**DATA RECORDS**

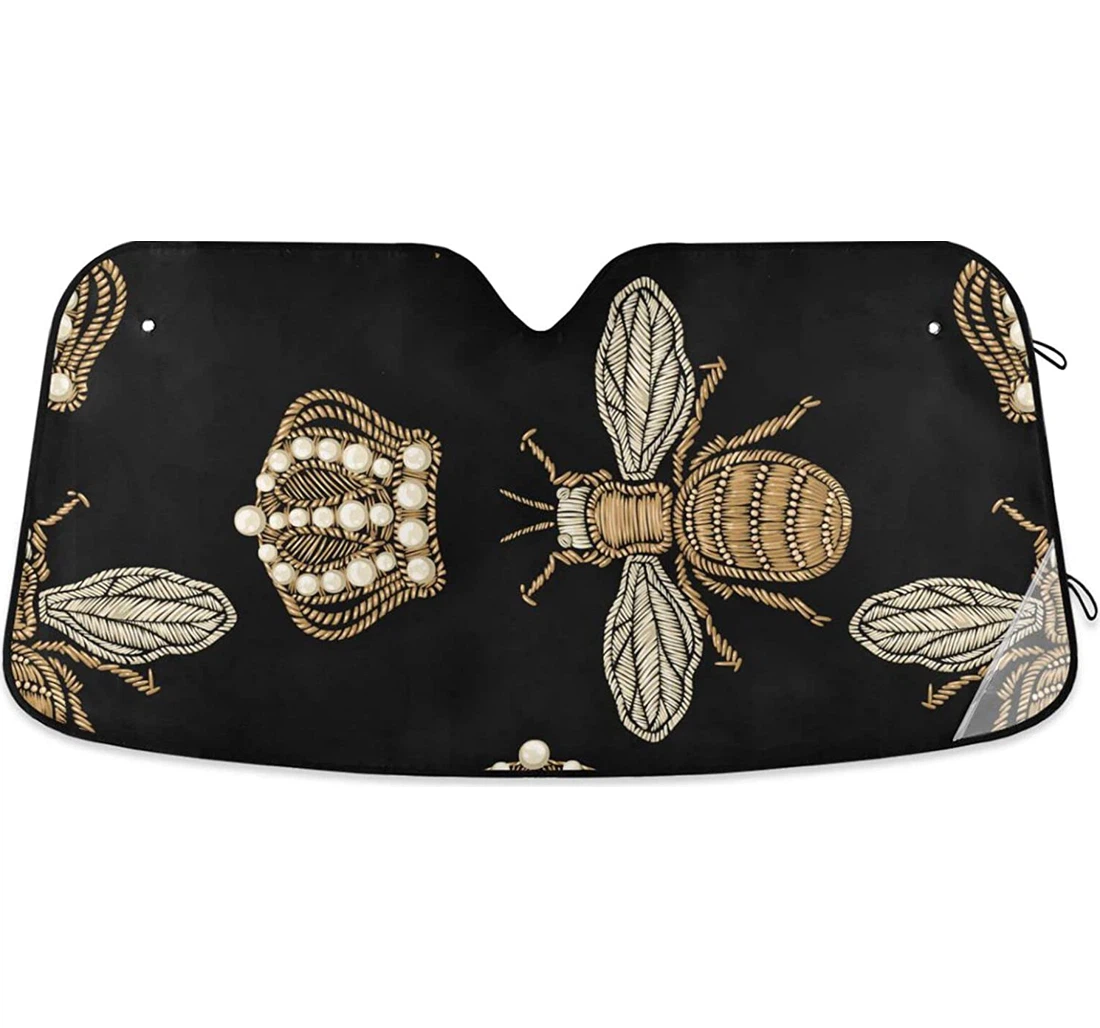 Gold Embroidery Bee Crown Black Auto Sun Shade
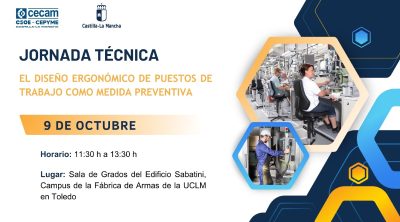 CECAM analizará `El diseño ergonómico de puestos de trabajo como medida preventiva´ en una jornada con expertos en la materia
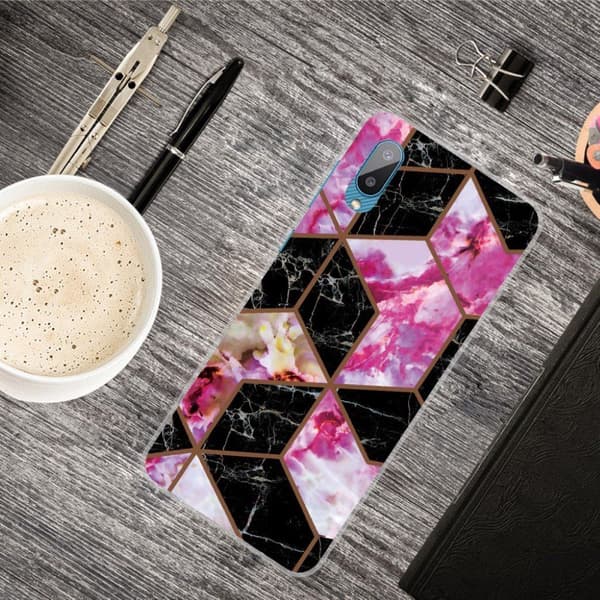 Marble Samsung Galaxy M02 / A02 Etui - Black og Rose Klinkekule Multicolor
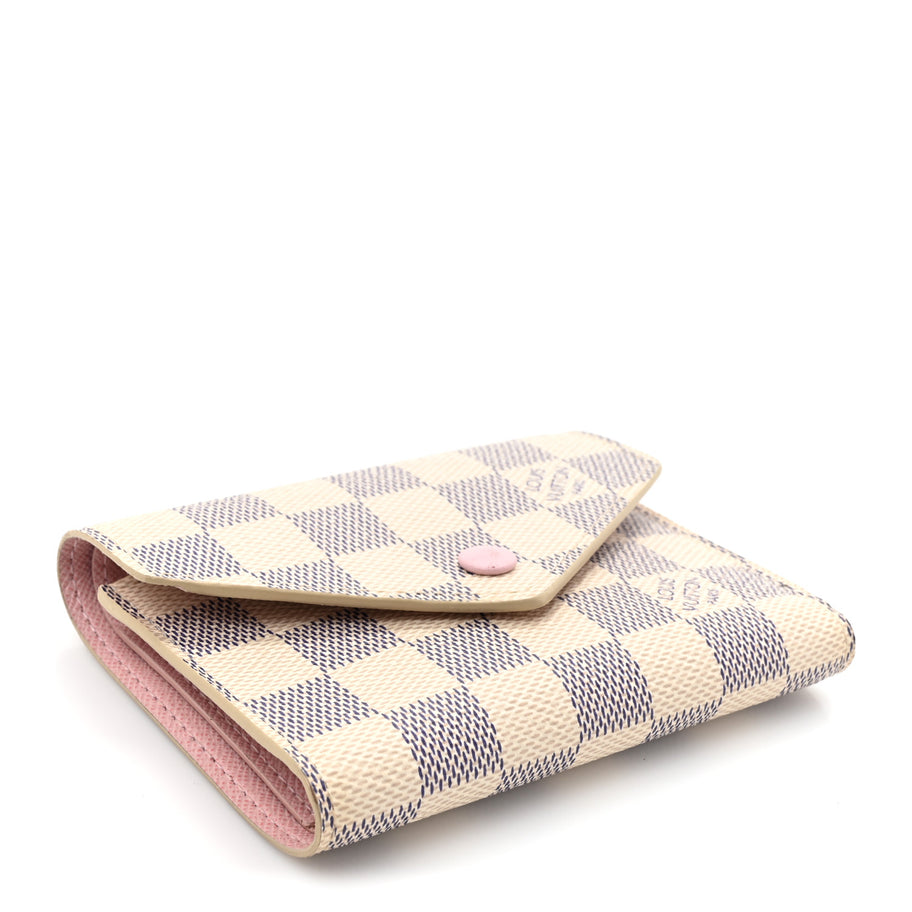 Louis Vuitton Damier Azur Victorine Wallet Rose Ballerine Image 4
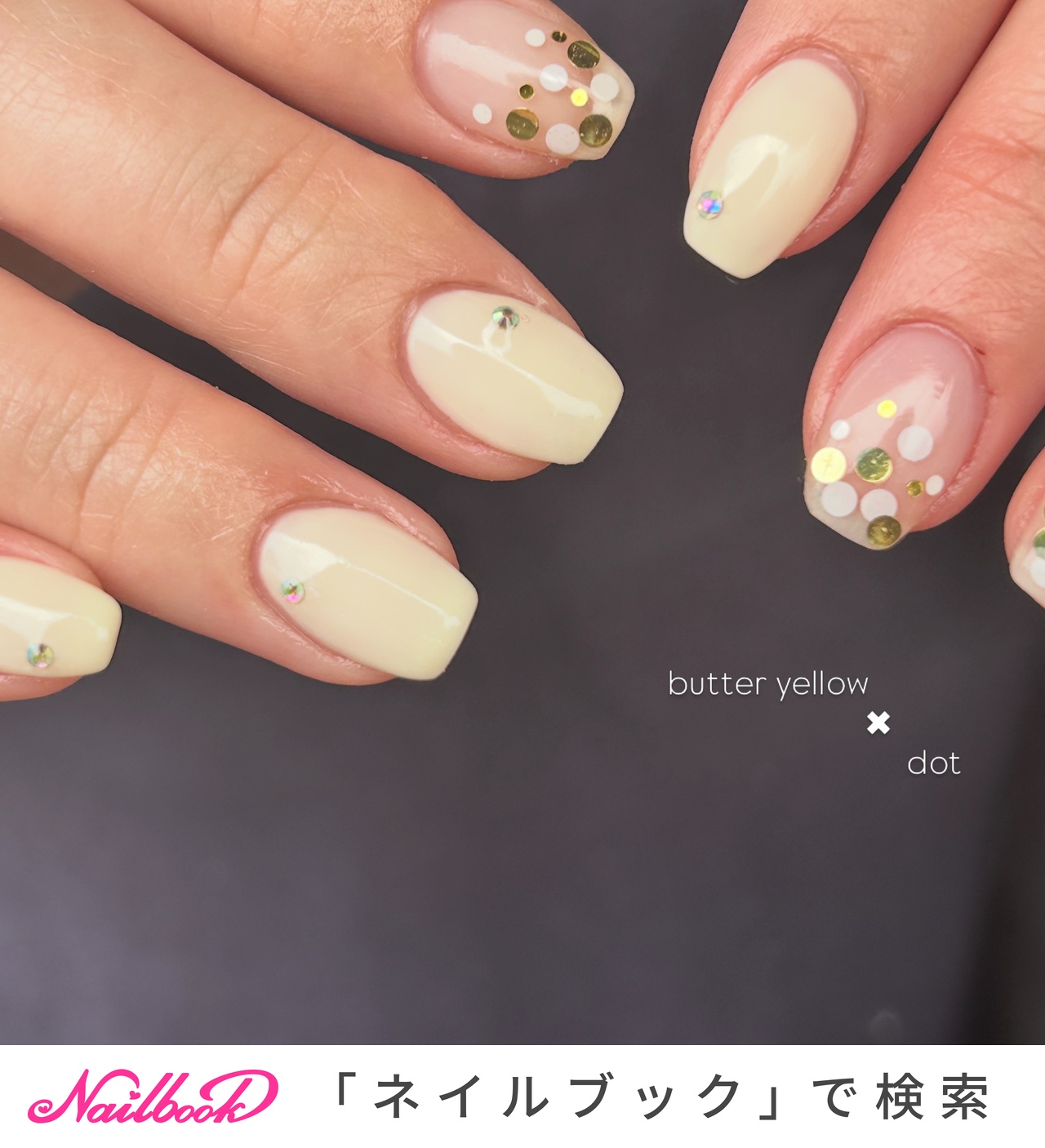 イエロー(黄)/ワンホンネイルのネイルデザイン｜ネイルブック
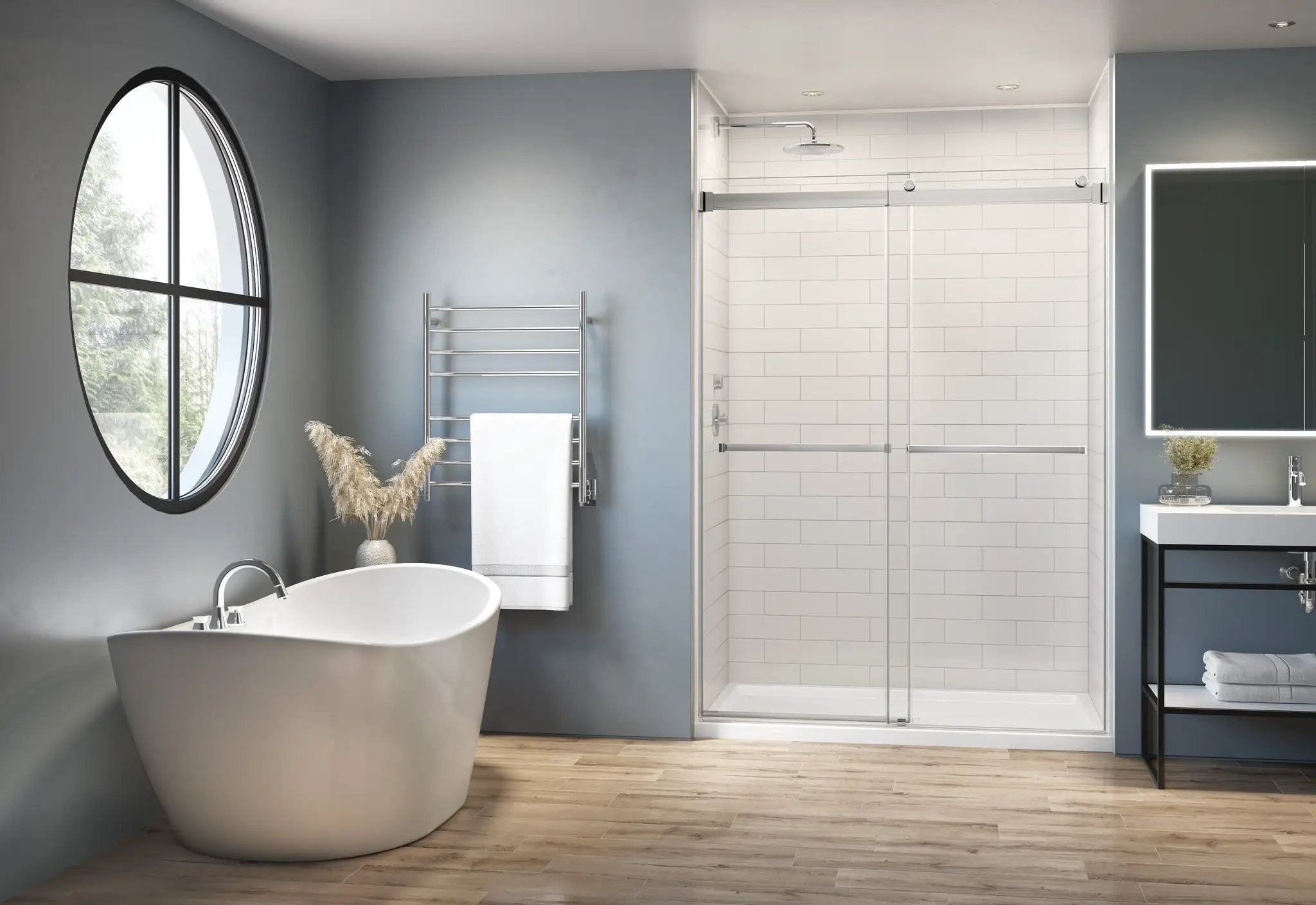chrome shower door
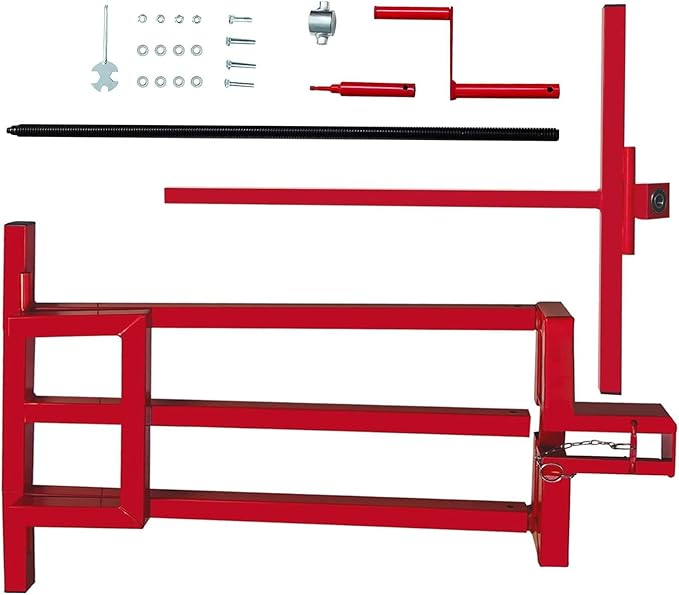 Lawn Mower Lift Jack, 880 lbs Capacity Lifting Jack for Garden Tractors, Riding Lawn Mower Maintenance Lift with Hand Crank and Power Extension Handle, Telescopic Maintenance Jack, Red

**ACTION ITEM**
From the first line above to the last, reproduce the records exactly but without the pictures.

**TASK RESPONSE**
 Gold Embroidery Bee Crown Black Auto Sun Shade
 CECAM analizará `El diseño ergonómico de puestos de trabajo como medida preventiva´ en una jornada con expertos en la materia
 Marble Samsung Galaxy M02 / A02 Etui - Black og Rose Klinkekule Multicolor
 Louis Vuitton Damier Azur Victorine Wallet Rose Ballerine Image 4
 イエロー(黄)/ワンホンネイルのネイルデザイン｜ネイルブック
chrome shower door
 Lawn Mower Lift Jack, 880 lbs Capacity Lifting Jack for Garden Tractors, Riding Lawn Mower Maintenance Lift with Hand Crank and Power Extension Handle, Telescopic Maintenance Jack, Red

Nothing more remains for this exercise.